Skip to contents

Summarize HDBSCAN data for a model

Usage

summarizeHDBSCAN(
  lemma,
  modelname,
  input_dir,
  output_dir,
  minPts = 8,
  includePlot = FALSE,
  coords_name = ".tsne.30"
)

Arguments

lemma

Name of the lemma, for filenames

modelname

Name of the model, for coordinates and filename

input_dir

Directory where the distance matrix is stored

output_dir

Directory where coordinates are stored. This directory must contain:

  • A file with the coordinates of the tokens, with a name combining lemma and coords_name and ending in .tsv.

  • A file with coordinates for the context words, with a name combining lemma and coords_name and ending in .cws.tsv.
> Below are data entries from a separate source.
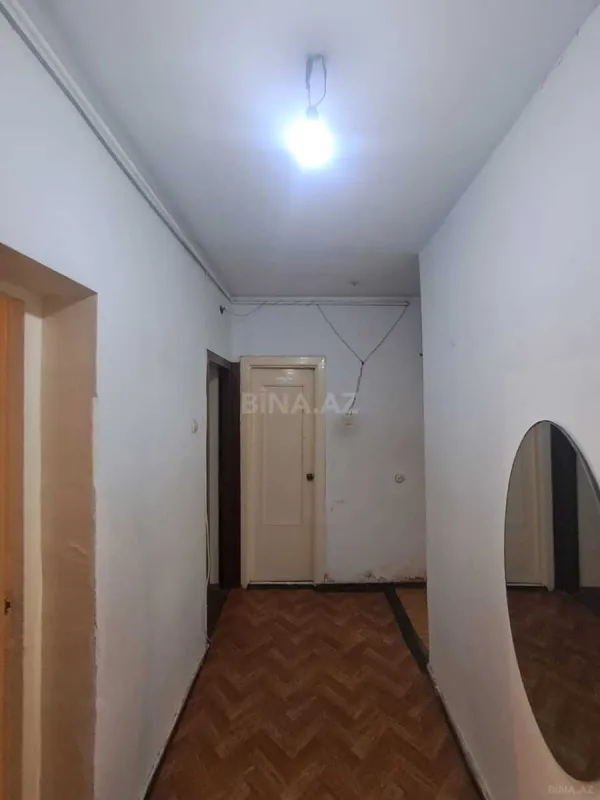 Satılır 3 otaqlı mənzil 65 m²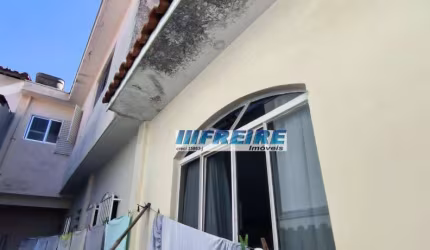 Sobrado com 3 dormitórios à venda, 195 m² por R$ 640.000,00 - Cerâmica - São Caetano do Sul/SP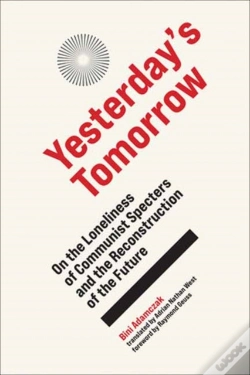 Capa do artigo Yesterday'S Tomorrow
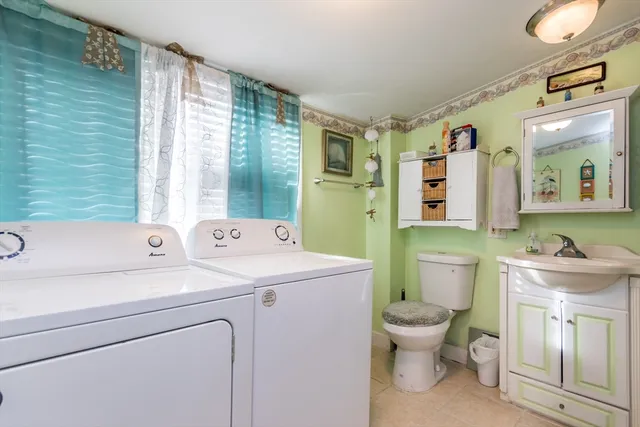 $395,000 | 21 Bayview Street, Wareham, MA 02571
  • A file with semicolon-separated lists of context words, with a name combining lemma and .variables.tsv

minPts

Minimum points for hdbscan

includePlot

Whether too include the plot (requires cowplot.)

coords_name

The code in the coordinate files indicating the type of dimensionality reduction performed, for filenames

Value

list with at least two items:

  • coords: a tibble with one row per token, the coordinates in the pertinent file, and information from extractHDBSCAN as well as the variables file.

  • cws: a tibble with one row per context word and cluster, output from cwsForClusters, combined with coordinates from the relevant file.

  • hplot: If includePlot, the HDBSCAN plot.